What you will do: Only the lines from the one containing "Đảng ủy xã Hậu" through the end of the data below are to be repeated, exactly as given, without pictures.

───

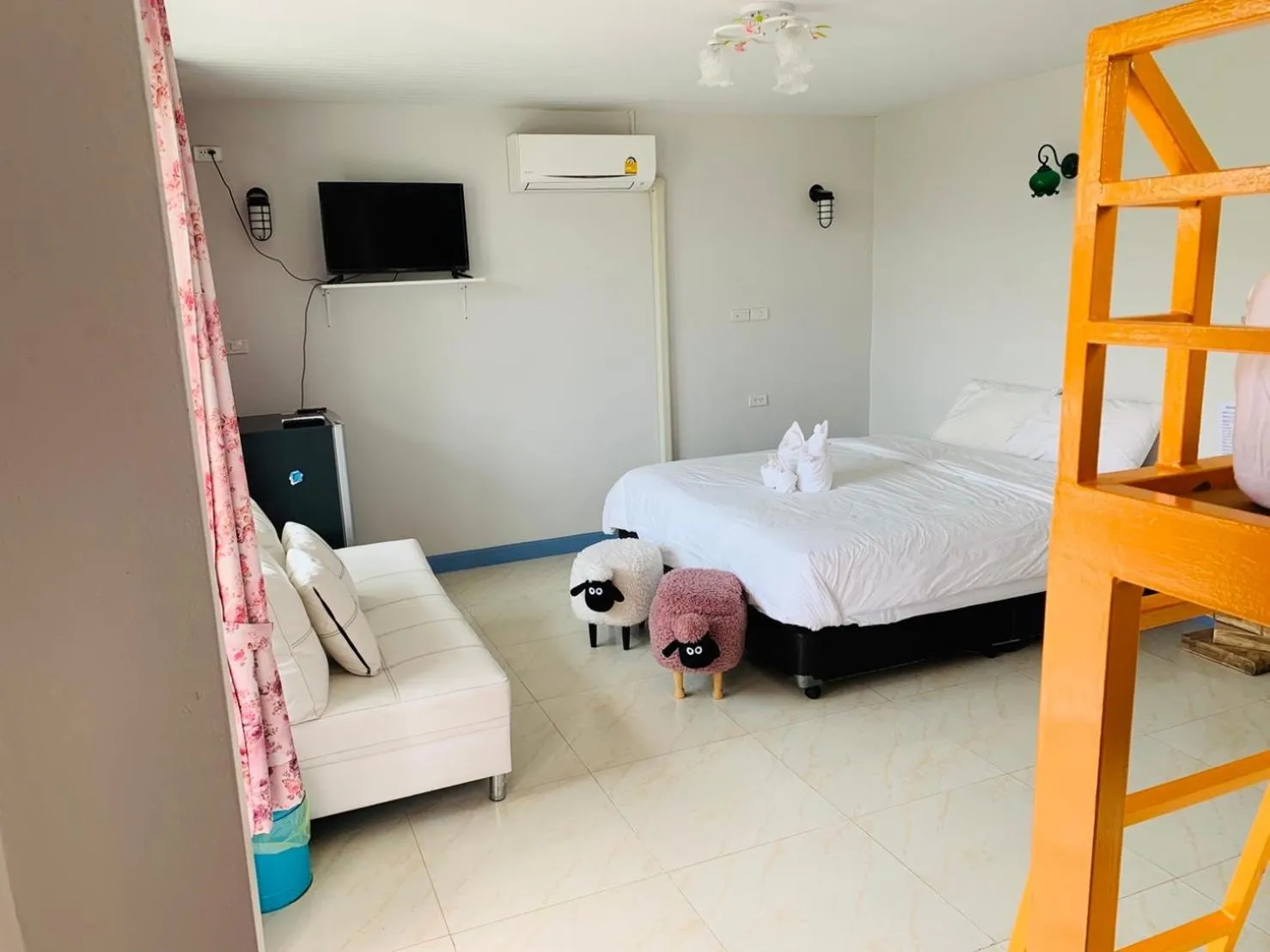 Bed in Na Na Doo Homestay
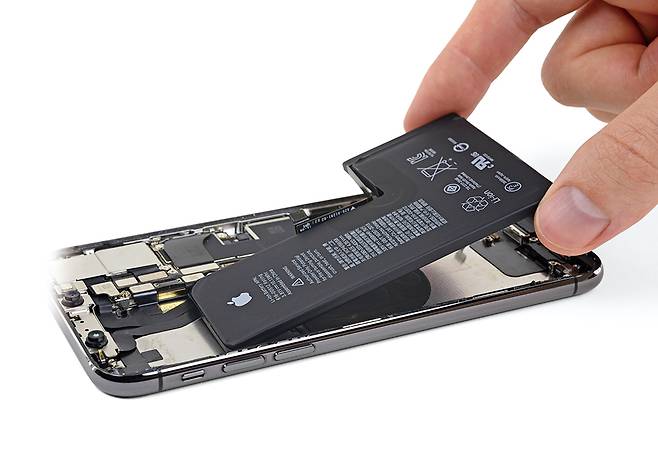 스마트폰에 탑재되는 리튬이온 배터리의 내구성은 통상 1000회 충전이 가능한 수준이다. 하루에 한번씩 스마트폰을 충전하면 2년 9개월 27일밖에 못쓴다는 말이다. 사진은 아이폰XS 배터리. /사진=아이픽스잇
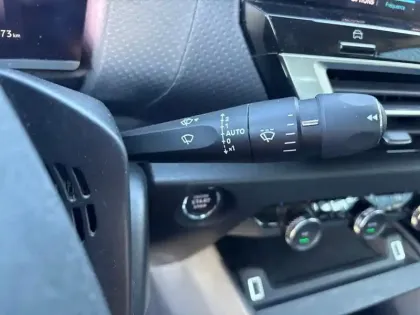 Photo 13 Citroën C4 e- 136 ch Automatique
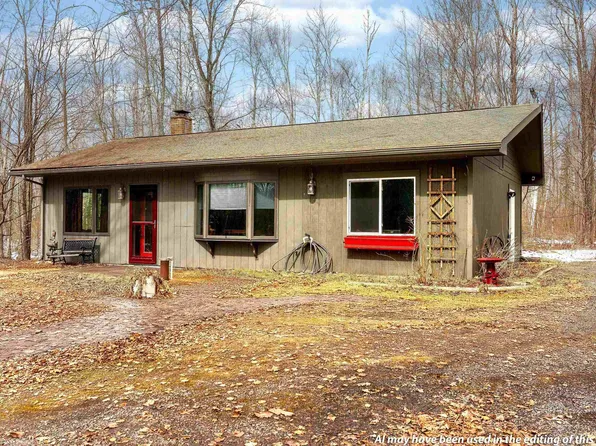 6526 S County Rd E, Hawthorne, WI 54842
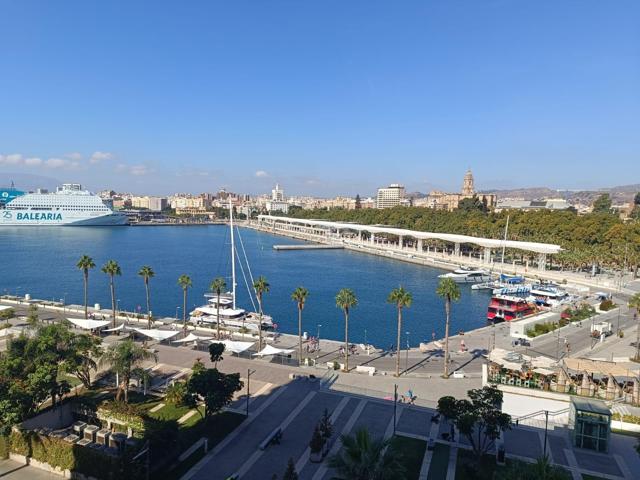 ¡Un piso único con vistas al puerto, la montaña y la esencia del Mediterráneo! photo 0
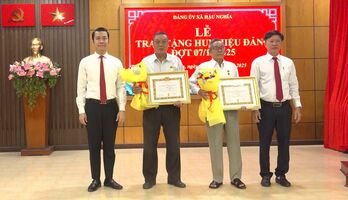 Đảng ủy xã Hậu Nghĩa: Trao tặng Huy hiệu Đảng cho 12 đảng viên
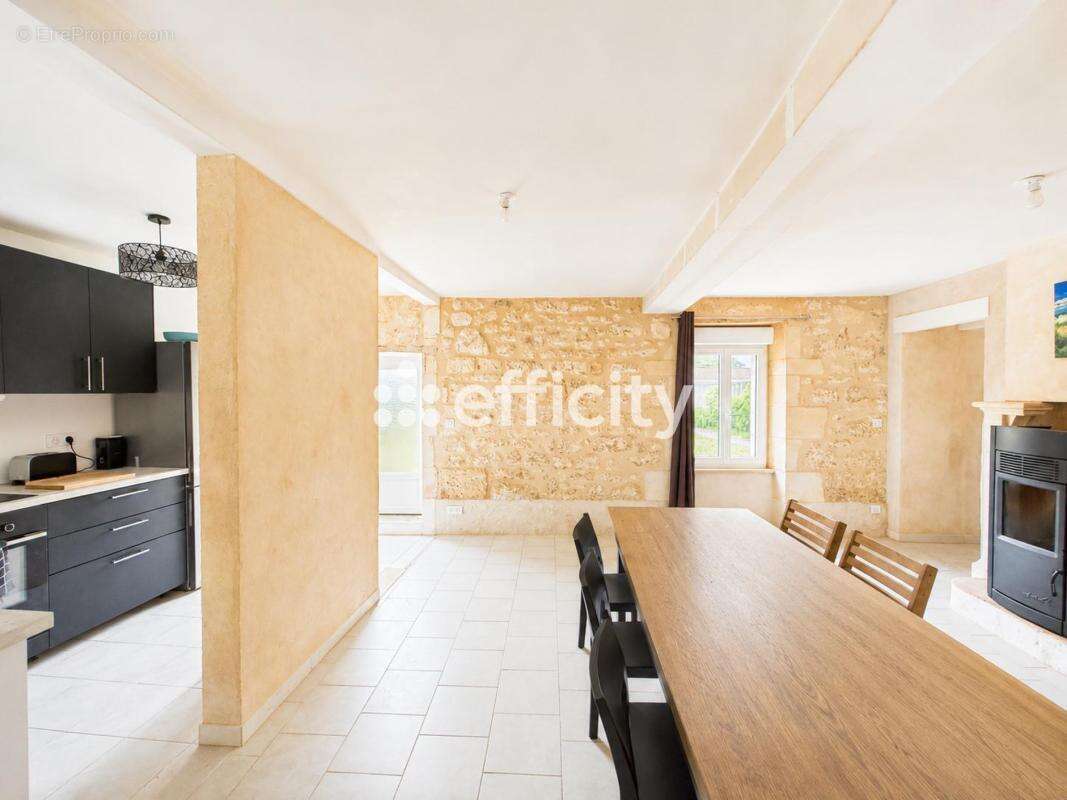 Maison à JONZAC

───

Task response:
 Đảng ủy xã Hậu Nghĩa: Trao tặng Huy hiệu Đảng cho 12 đảng viên
 Maison à JONZAC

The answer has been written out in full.